• [What to do]: A verbatim transcript of the data that follows, free of images, is the expected result.

(Material shown)

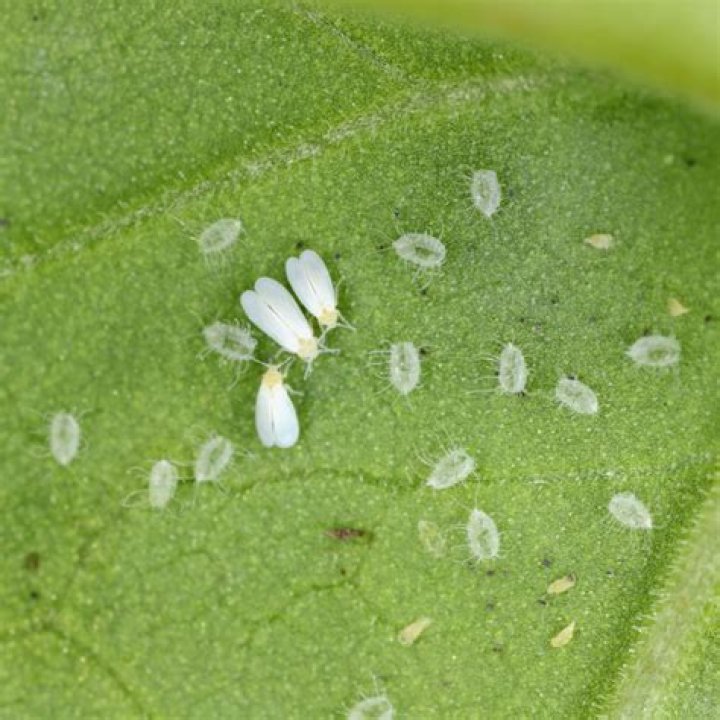 Do whiteflies spread?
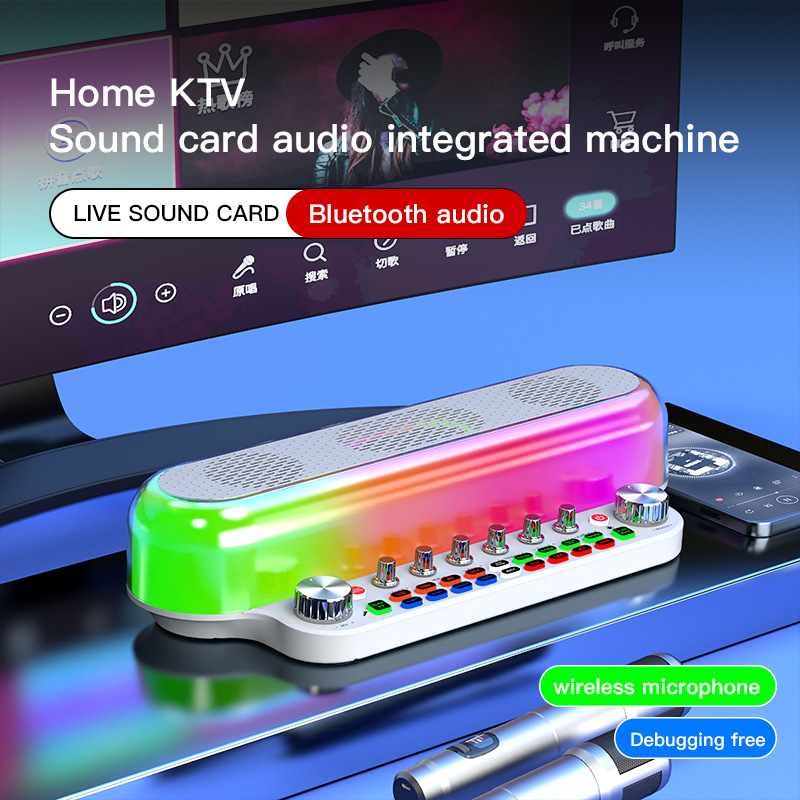 SY12英文跨境声卡音响一体机家庭k歌直播唱歌户外娱乐专业设备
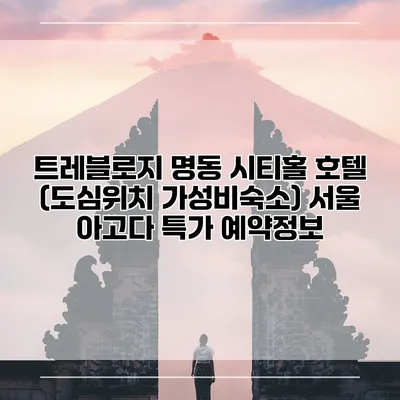 트레블로지 명동 시티홀 호텔 (도심위치 가성비숙소) 서울 아고다 특가 예약정보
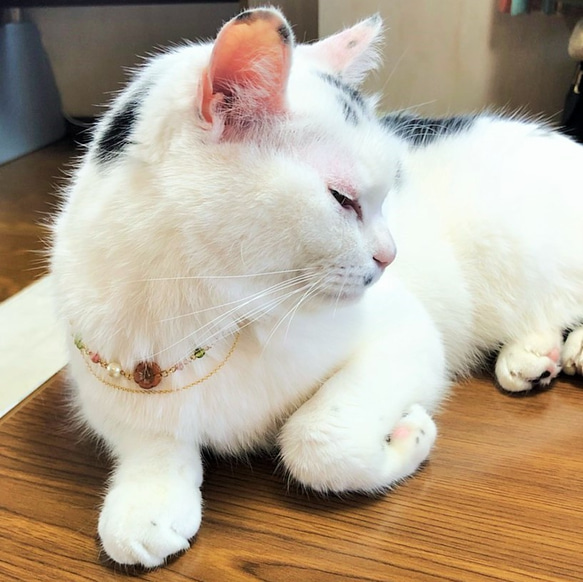 飼い主さんとお揃い☆ペットさんの首飾り 5枚目の画像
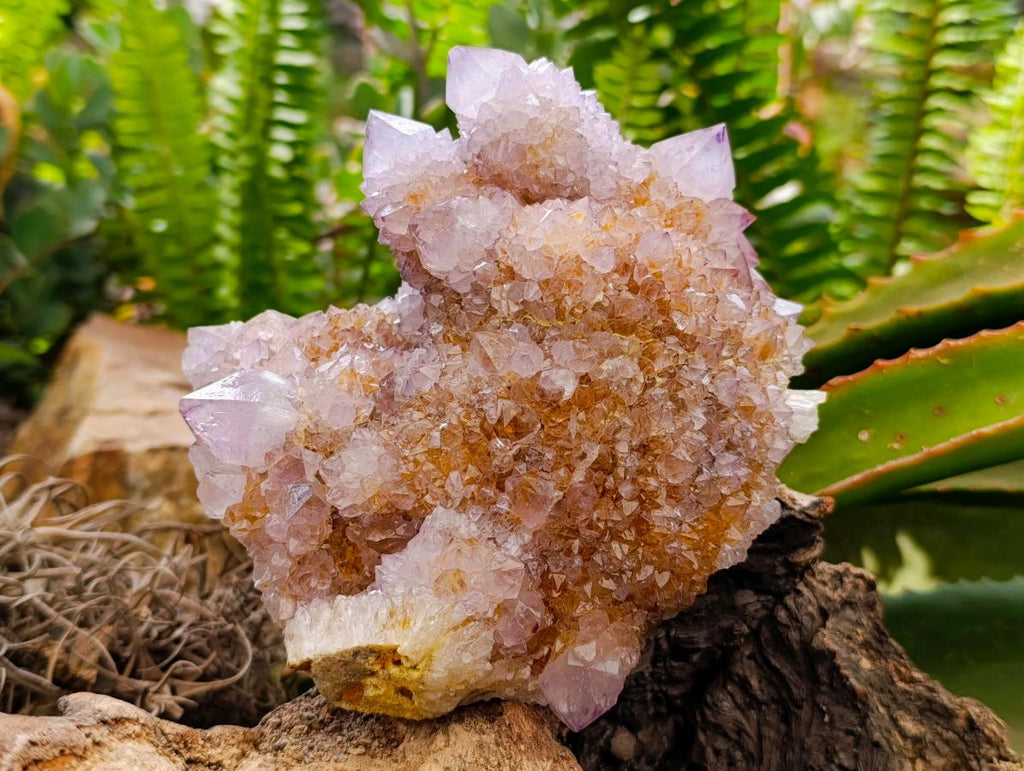 Natural Large Lilac Amethyst and Ametrine Spirit Clusters x 1 From Boekenhouthoek, South Africa - Toprock Gemstones and Minerals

(End Material shown)

• [Answer section]:
 Do whiteflies spread?
 SY12英文跨境声卡音响一体机家庭k歌直播唱歌户外娱乐专业设备
 트레블로지 명동 시티홀 호텔 (도심위치 가성비숙소) 서울 아고다 특가 예약정보
 飼い主さんとお揃い☆ペットさんの首飾り 5枚目の画像
 Natural Large Lilac Amethyst and Ametrine Spirit Clusters x 1 From Boekenhouthoek, South Africa - Toprock Gemstones and Minerals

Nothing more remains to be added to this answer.